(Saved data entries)
>>>>

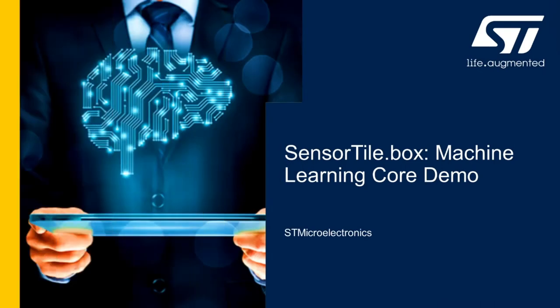Hello everyone, my name is Thiago Reis and today I would like to demonstrate how to leverage the machine learning core functionality when using the SensorTile.Box evaluation kit.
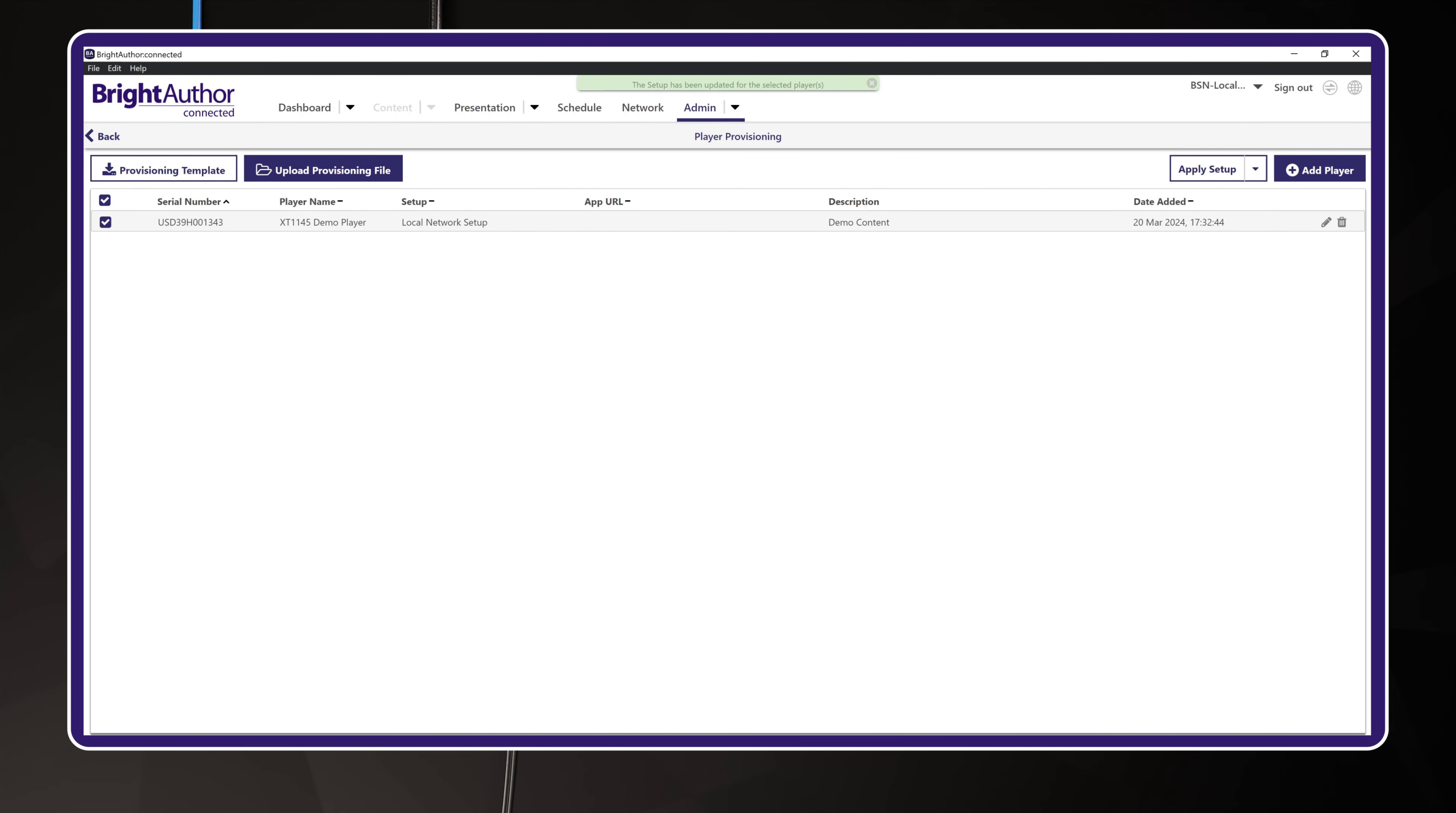Okay, with that complete, here's what you need to understand about this screen. The Provision record performs three important steps. First, it binds a specific BrightSign player by serial number to your BSN.cloud network. Second, it gives the BrightSign player its name and description. And finally, it allows you to link the setup configuration to the player.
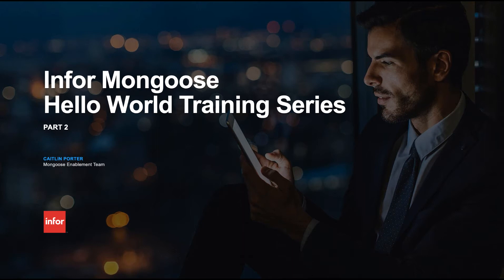Hi there, this is Caitlin Porter from the Mongoose Enablement team. Welcome to part two of the Mongoose Hello World training series. In this video we'll be going over the Mongoose IDO capabilities and introduce the inheritance model.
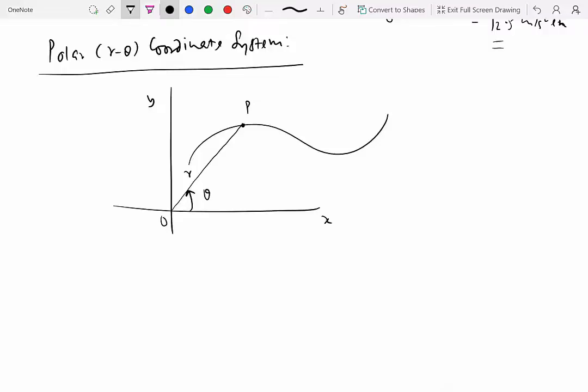Alternatively, theta could be measured from the y-direction — that's also valid. But theta always has to be in the increasing theta direction, so that must be the positive theta direction. We also pick two unit vectors: e_r-hat, which points radially outward from the origin in the direction r increases, and e_theta-hat, which is perpendicular to e_r-hat and points in the direction that theta is increasing.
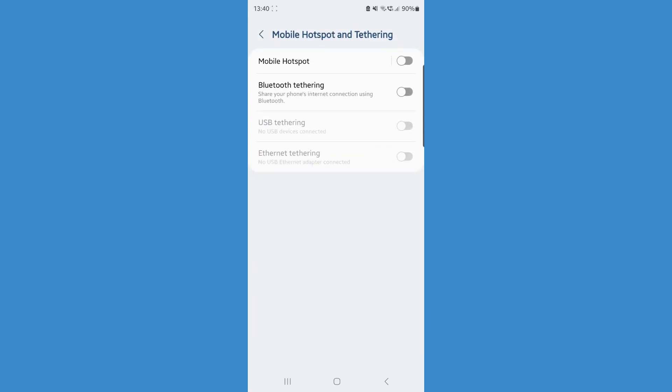Now you want to click on the toggle for mobile hotspot. Once you do this and the toggle is turned on, that means you have successfully enabled mobile hotspot on your Android phone.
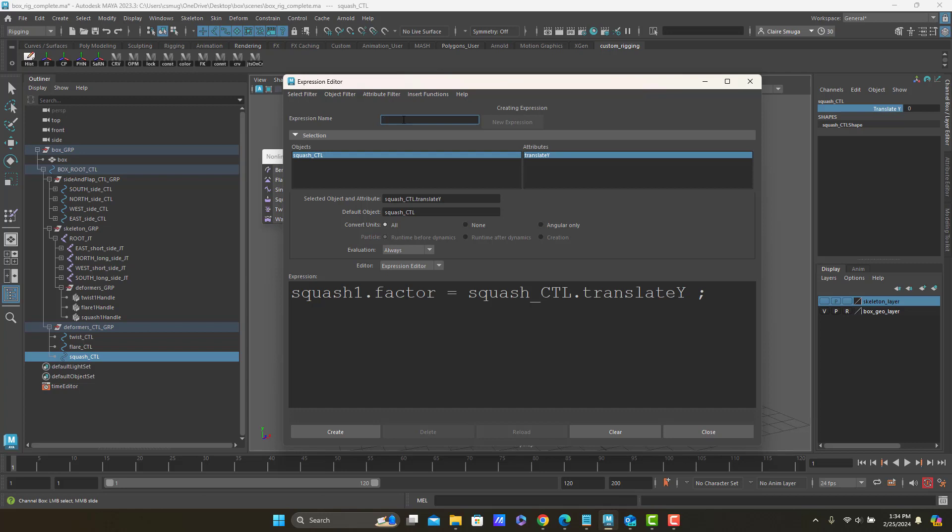And the expression name is really important because the trick is right now I've got an object selected. The second I click away from this object, everything in the expression editor is going to go away. So instead, I'm going to give it a name. I'm going to call this one squash exp.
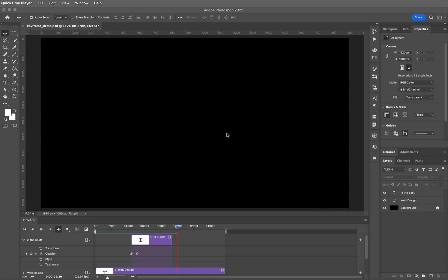Layer styles can be applied to shapes, they can be applied to regular layers, whatever you want. Text layers, they go anywhere.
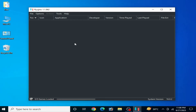Good day everyone. Welcome back to the channel. In this video, I will show you how to fix audio issues in your Ryzen console. Let's get started.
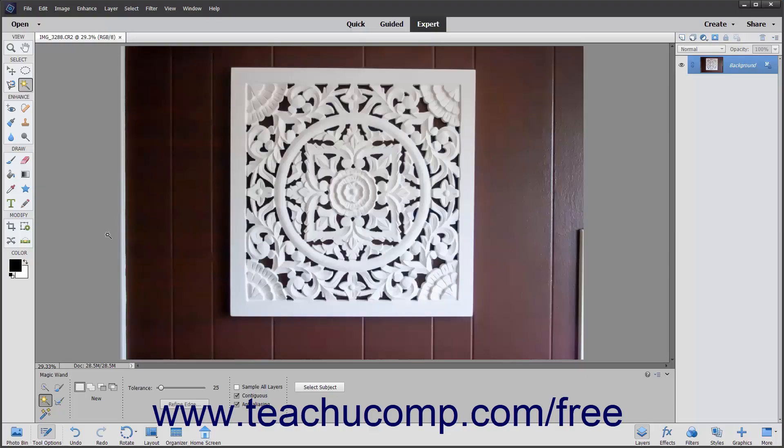The Magic Wand Tool allows you to select a consistently colored area or region in the image without having to manually trace its outline by hand.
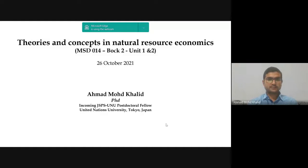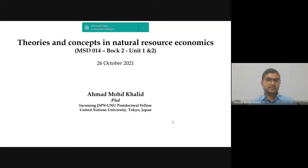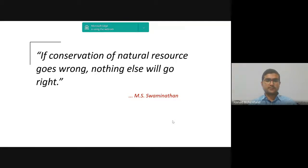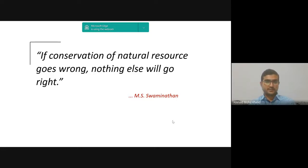Good afternoon everyone. My name is Ahmed Mohamed Khalil, and today I'm going to talk about theories and concepts in natural resource economics, which is part of MSD 04 ecological economics, touching upon some key topics of block two in units one and two.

<<<<

◆ **To do**: Restate, word for word, each line from the one with "Good day everyone." to the end of the entries, both included, and keep every picture out.

◆ **Solution below**:
Good day everyone. Welcome back to the channel. In this video, I will show you how to fix audio issues in your Ryzen console. Let's get started.
The Magic Wand Tool allows you to select a consistently colored area or region in the image without having to manually trace its outline by hand.
Good afternoon everyone. My name is Ahmed Mohamed Khalil, and today I'm going to talk about theories and concepts in natural resource economics, which is part of MSD 04 ecological economics, touching upon some key topics of block two in units one and two.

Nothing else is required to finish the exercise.